Source data section start

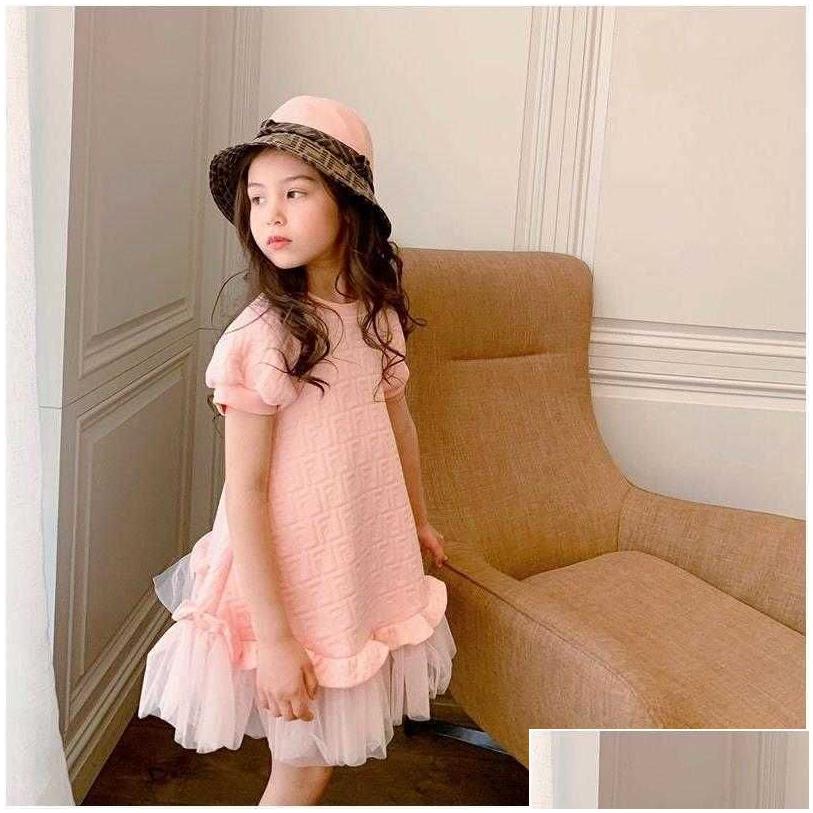 childrens pink casual skirt luxury designer brand fashion dress girls net yarn shortsleeved princess dress for kids q0716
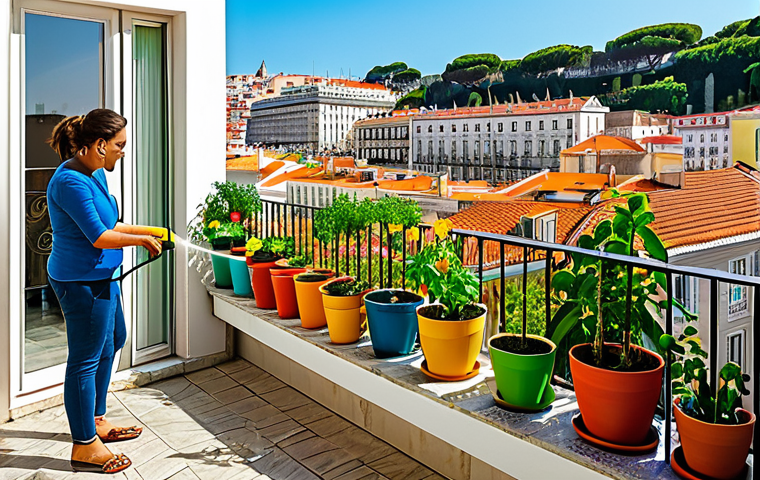 Urban Oasis**
"A vibrant urban garden on a balcony in Lisbon, Portugal. Lush flowers, herbs, and vegetables are growing in colorful pots and planters. Bees and butterflies are flitting around the blossoms. In the background, traditional Portuguese architecture can be seen. The scene is bathed in warm sunlight. Fully clothed person watering the plants. Safe for work, appropriate content, fully clothed, professional photography, perfect anatomy, natural proportions, family-friendly."
**
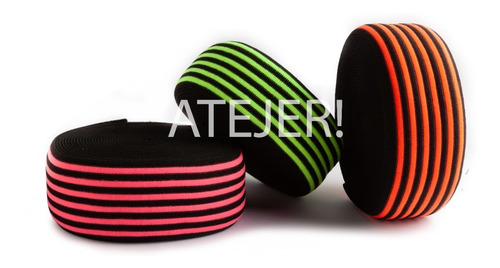 Imagen 3 de 5 de Elástico Rayado Fluo Fb I21 De 75mm X 10 Mts Ideal Cotillón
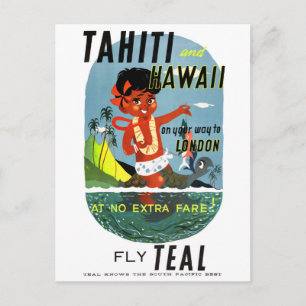 Cartão Postal Poster de Viagens vintage do Taiti Havaí Restaura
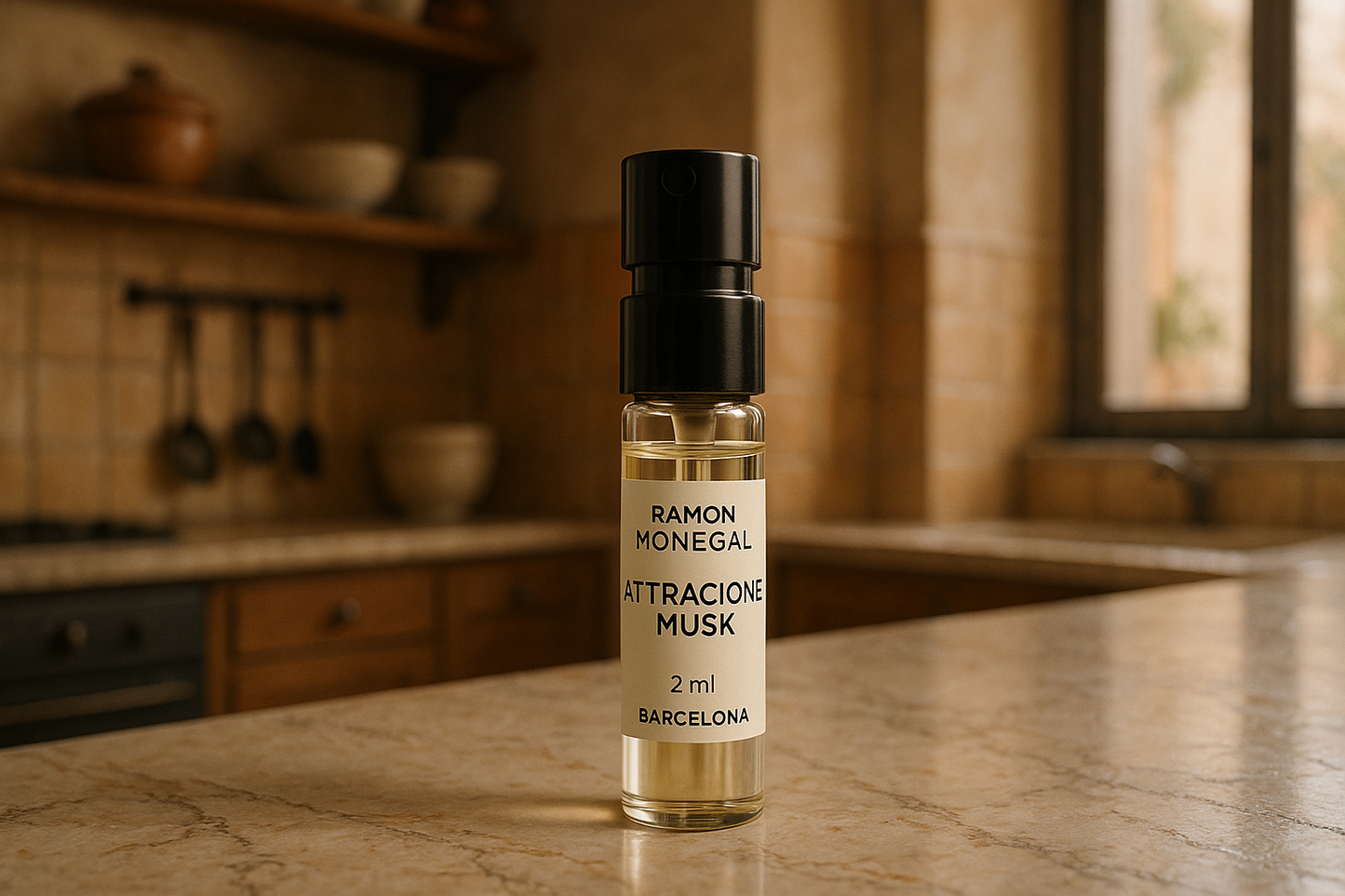 Ramon Monegal Atractone Musk 官方香水样品 2ml 0.06 fl.o.z. 香水测试仪,意大利风格,同时遮光厨房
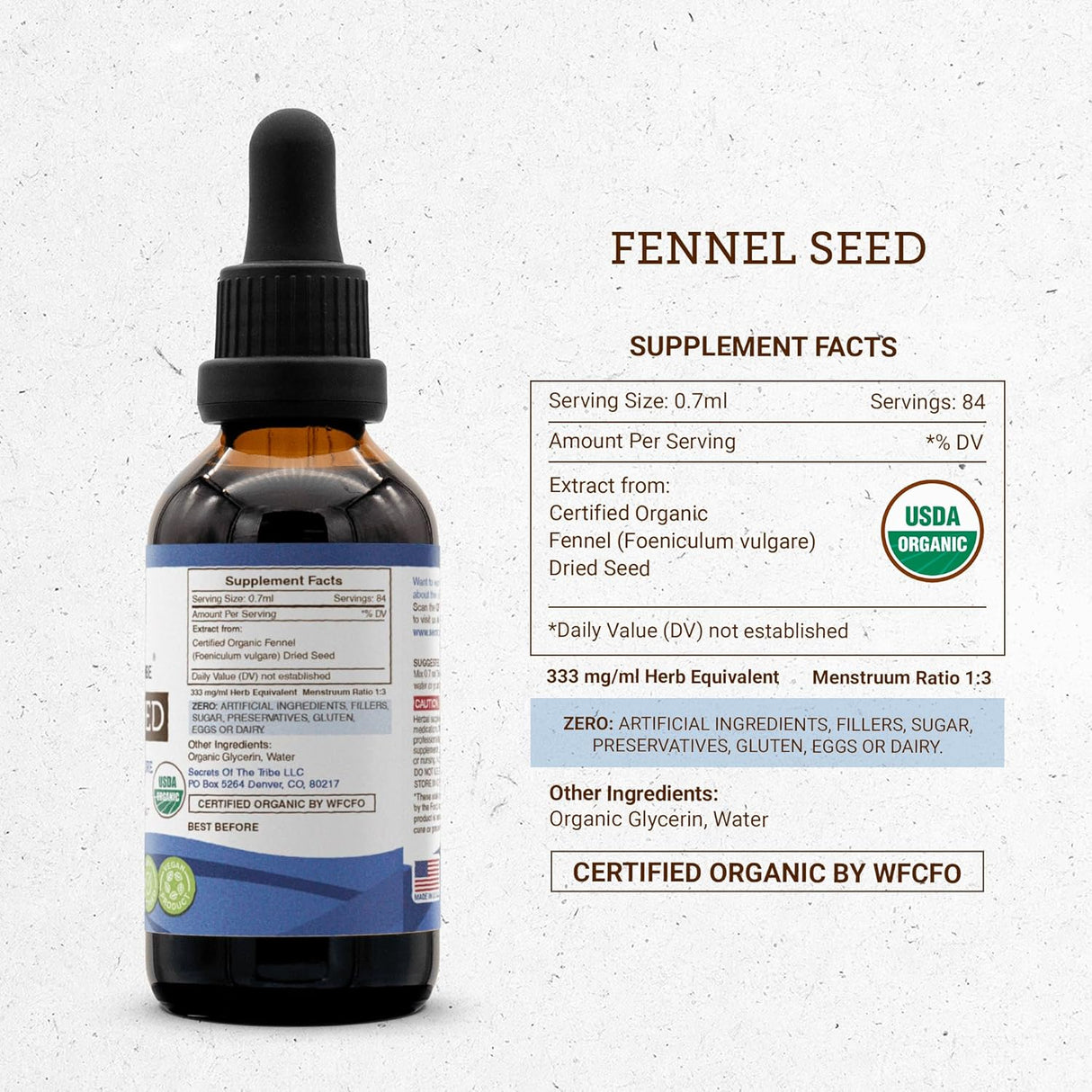 Secrets of the Tribe Fennel Seed Tincture Alcohol-Free Extract 2 Fl.Oz.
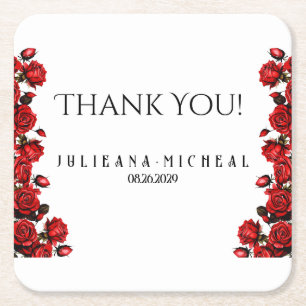 Red rose wedding square paper coaster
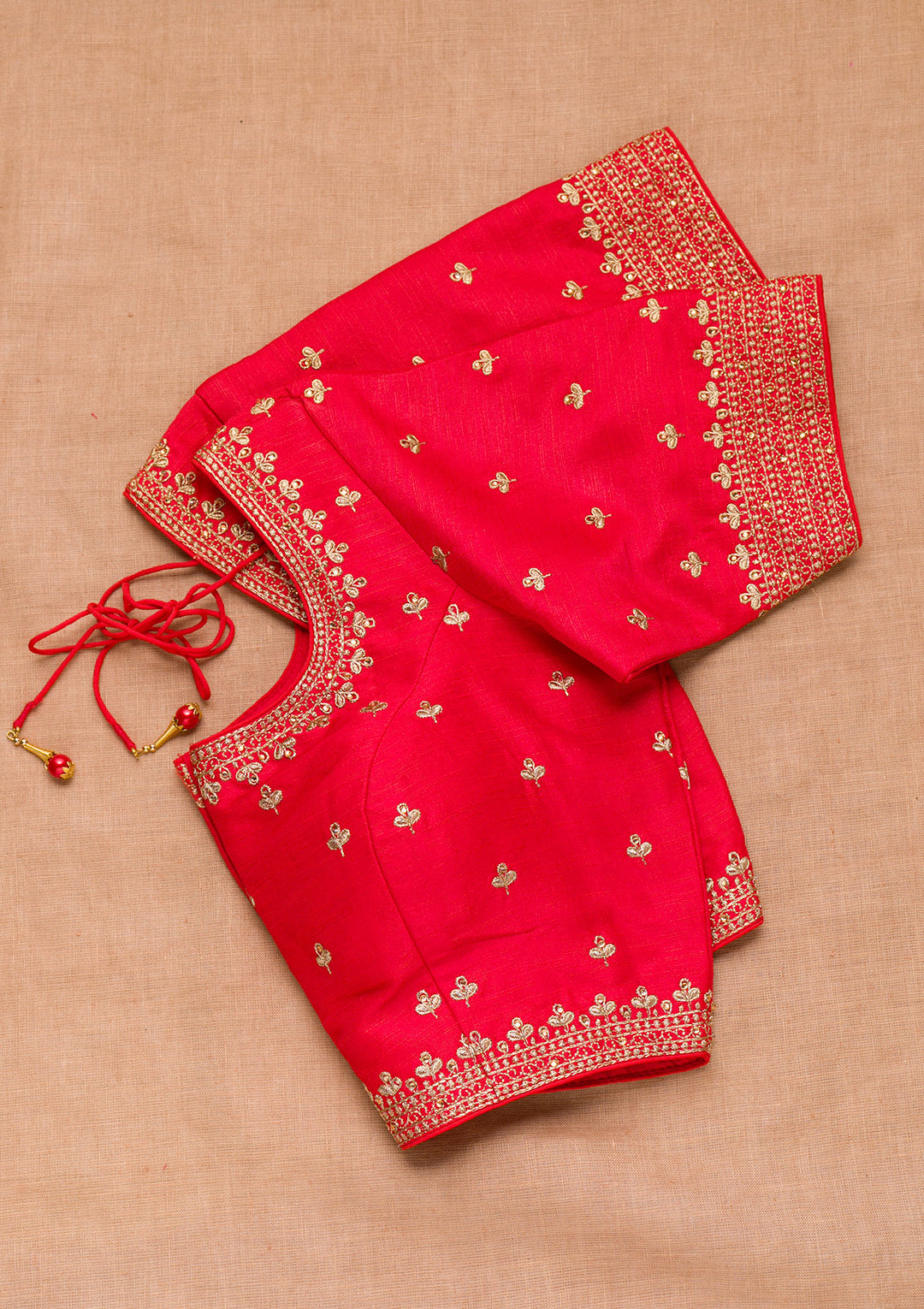 Red Zariwork Raw Silk Blouse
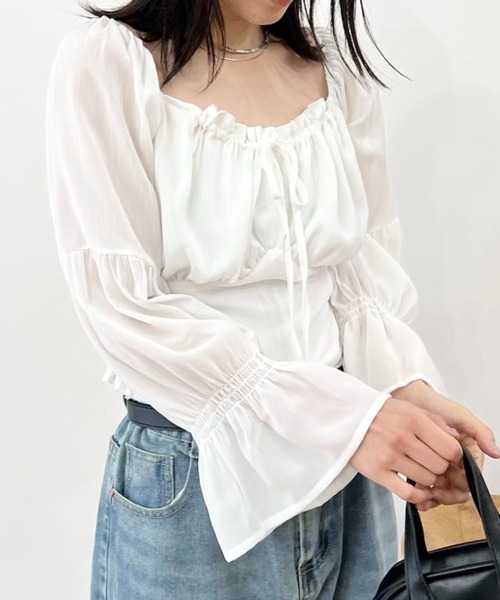 mebole(メボレ)の「フロントギャザーシフォンブラウス(シャツ/ブラウス・レディース・ピンク/ホワイト・FREE)」の9枚目の写真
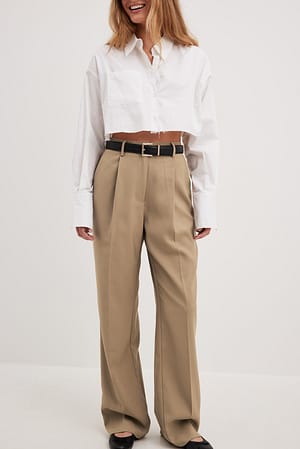 Taupe High Waist Tailored Suit Pants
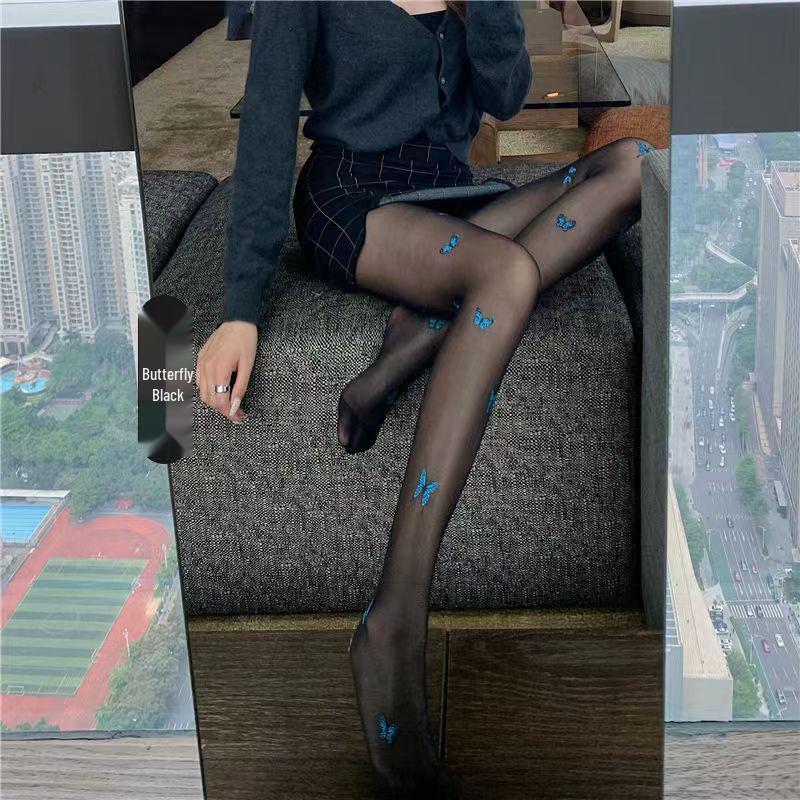 0D Summer Sheer Anti-Snag Lolita Knee-High Stockings with Blue Butterfly Design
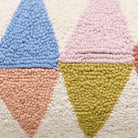 Rainbow Triangles Hooked Wool Throw Pillow, close-up detail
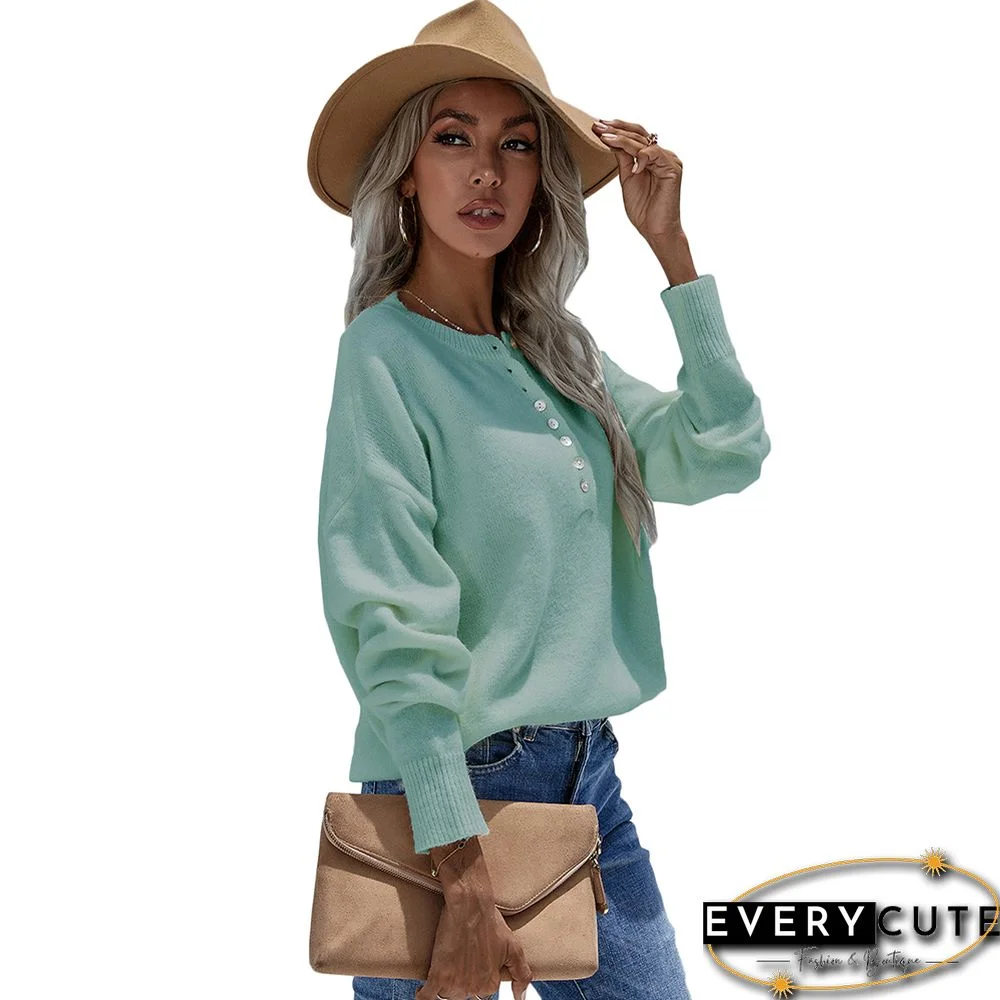 Light Green Button Neck Knitted Pullover Sweater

Source data section end

■ Exercise details
The expected output is each record, copied exactly, and nothing in place of the pictures.

■ Exercise result
 childrens pink casual skirt luxury designer brand fashion dress girls net yarn shortsleeved princess dress for kids q0716
 Urban Oasis**
"A vibrant urban garden on a balcony in Lisbon, Portugal. Lush flowers, herbs, and vegetables are growing in colorful pots and planters. Bees and butterflies are flitting around the blossoms. In the background, traditional Portuguese architecture can be seen. The scene is bathed in warm sunlight. Fully clothed person watering the plants. Safe for work, appropriate content, fully clothed, professional photography, perfect anatomy, natural proportions, family-friendly."
**
 Imagen 3 de 5 de Elástico Rayado Fluo Fb I21 De 75mm X 10 Mts Ideal Cotillón
 Cartão Postal Poster de Viagens vintage do Taiti Havaí Restaura
 Ramon Monegal Atractone Musk 官方香水样品 2ml 0.06 fl.o.z. 香水测试仪,意大利风格,同时遮光厨房
 Secrets of the Tribe Fennel Seed Tincture Alcohol-Free Extract 2 Fl.Oz.
 Red rose wedding square paper coaster
 Red Zariwork Raw Silk Blouse
 mebole(メボレ)の「フロントギャザーシフォンブラウス(シャツ/ブラウス・レディース・ピンク/ホワイト・FREE)」の9枚目の写真
 Taupe High Waist Tailored Suit Pants
 0D Summer Sheer Anti-Snag Lolita Knee-High Stockings with Blue Butterfly Design
 Rainbow Triangles Hooked Wool Throw Pillow, close-up detail
 Light Green Button Neck Knitted Pullover Sweater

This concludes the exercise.